The emir of Kuwait is the only Gulf Arab leader attending the summit, which Iraq had hoped would serve as its debut into the Arab mainstream after two decades of isolation. This reflects increased Sunni-Shia tensions across the region in the aftermath of last year's Arab Spring uprisings, particularly the one against a regime dominated by a Shiite offshoot sect in Sunni-majority Syria and another by majority Shiites in Sunni-ruled Bahrain, a Gulf Arab nation.
Prime Minister Sheik Hamad bin Jassim Al-Thani, who is also Qatar's foreign minister, also told Al-Jazeera that Syrians have a right to defend themselves against the crackdown by President Bashar Assad's regime, suggesting that his energy-rich nation approves of arming rebels there, or is arming them already.
Sheik Hamad is one of six Sunni-led Gulf Arab nations whose relations with Iraq have been fraught with tension because of Baghdad's close ties with Shiite Iran and its ambivalence on Syria, where the United Nations says at least 9,000 people have died since an anti-Assad uprising began a year ago.
Majority Shiites have dominated Iraq since the 2003 ouster of Saddam Hussein, a Sunni. The nation's once powerful Sunnis complain that the Shiite-led government of Prime Minister Nouri al-Maliki is concentrating power in the hands of the Shiites. There is a growing desire by mainly Sunni provinces to win autonomy as a way to escape Shiite domination.
Tens of thousands of Iraqis died in sectarian violence, which began shortly after Saddam's ouster but peaked in 2006 and 2007. Tension continues to simmers to this day, with occasional attacks by Sunni militants against Shiites and crackdowns on Sunni areas by the Shiite-led security forces.
Sheik Hamad told al-Jazeera his energy-rich nation, a key regional player, disapproved of the marginalization in Iraq of "some segments, including the Sunnis" and that this policy was not in the interest of Iraq or the Arab world.
"Qatar wants the Iraqi government to resolve this in a way that unites the Iraqi people and gives everyone their rights through a dialogue involving all parties," he said.

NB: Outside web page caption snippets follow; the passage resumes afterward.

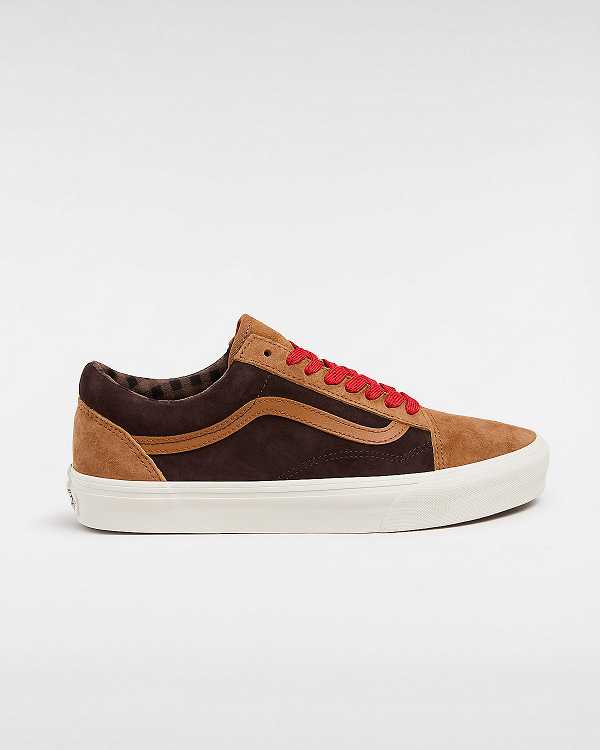 Tenis Vans Old Skool Pig Suede Masculino Marrom Laranja | VN4150269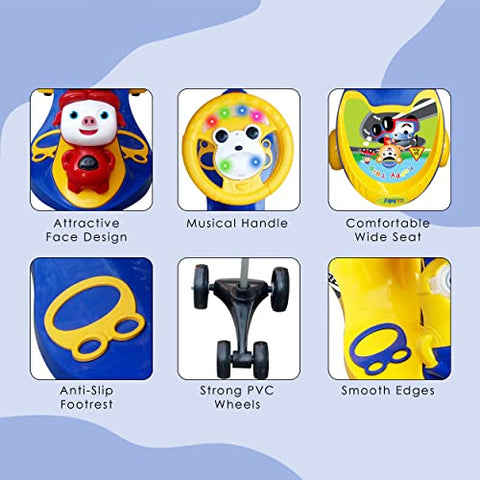 Completely Assembled SUNBABY Funtime Magic Car | Ride-on Baby Car| Kids Push Car | Swing Car | Safe Comfortable Seats & Durable| Ride on Toy Car for Kids| Twister Ride on|Magic Toy Car|Kids Ride On| Push Rider|Steering Music & Lights|For Kids age 2+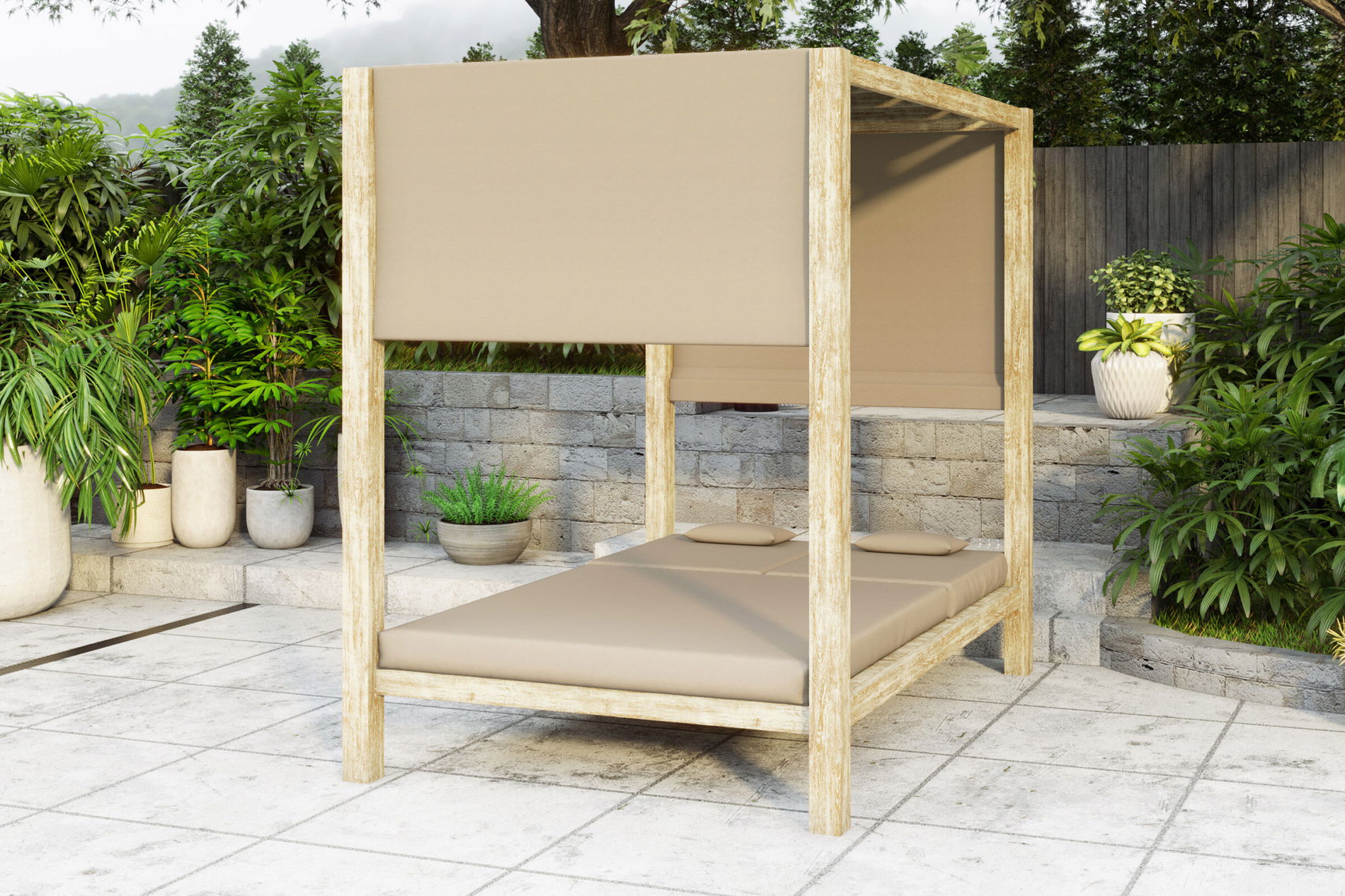 IBIZA 90's Kuta Lettino lounge, greywashed/beige, FSC-Teak/Olefin, 200 x 140 x 190 cm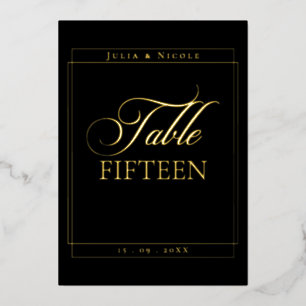 Classic Black Border Wedding Table Number Sign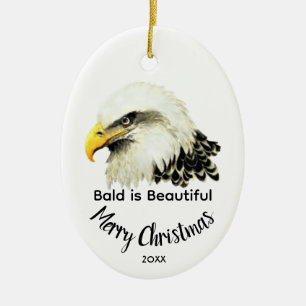 Weißkopfseeadler Eule Weiß ist schön Weihnachten Keramik Ornament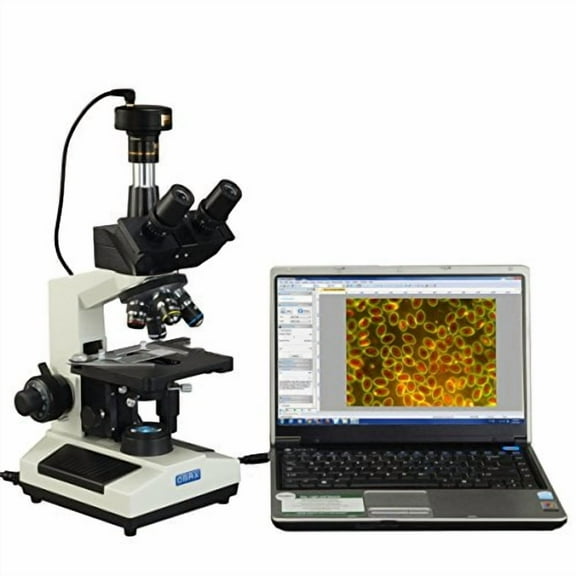 OMAX 5MP Digital 40X-2500X Advanced Oil NA1.25 Darkfield Trinocular Compound LED Microscope with 5.0MP Camera with Measurement Stitching Extended Depth of Field Software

Iraq is hosting the annual Arab summit for the first time since 1990, keen to show it has emerged from years of turmoil and U.S. occupation. But the Syria issue has clouded its attempts to win acceptance by other Arab nations, which are deeply suspicious of its ties with Iran.
In a snub to Baghdad, all but one of the rulers of the six, U.S.-allied Gulf Arab nations were staying away from the summit, sending lower-level figures instead. League officials said the level of representation was aimed at showing their frustration over the lack of more assertive action on Syria.
Instead of its king, Saudi Arabia was sending its ambassador to the Arab League - a worse slap because the post is even lower than the foreign minister level. The League officials said Saudi Arabia and Qatar had wanted Iraq to invite representatives of the Syrian opposition to the summit. Baghdad declined, much to their dismay, the officials said, speaking on condition of anonymity because of the sensitivity of the subject.
Relations between Iraq and the Gulf Arab nations have also been tense over criticism by Shiite Iraqi politicians and clerics of Bahrain's crackdown on Shiite protesters. The demonstrators seek more economic opportunity and an end to what they see as discrimination by the Sunni ruling family.
Al-Maliki on Wednesday met with Bahrain's foreign minister on the sidelines of the Arab summit and Iraqi Foreign Minister Hoshyar Zebari later told reporters that Bahrain would not be on the summit's agenda, a decision that appeared to be a concession by the hosts.
Offering a glimpse of Qatar's thinking on the Syrian crisis, Sheik Hamad said it would be a "disgrace to all of us if the sacrifices of the Syrian people go to waste."
"We are faced with a difficult choice - either we stand by the Syrian people or stand by him (Assad)," he said. "It is not to be expected from the Syrians to idly stand by while the regime continues to kill its own people this way."
The Gulf nations, particularly Saudi Arabia and Qatar, have been pushing behind the scenes for more assertive action to end the conflict. Privately, they see little benefit in the Arab League's efforts to reach a peaceful settlement and prefer instead to see a small core of nations banding together to act on their own.
Among the options they are considering are arming the Syrian rebels and creating a safe haven for the opposition along the Turkish-Syrian border to serve as a humanitarian sphere or staging ground for anti-regime forces. Such a step would require help from Turkey - the country best positioned to defend such a safe haven - but so far Ankara has seemed reluctant.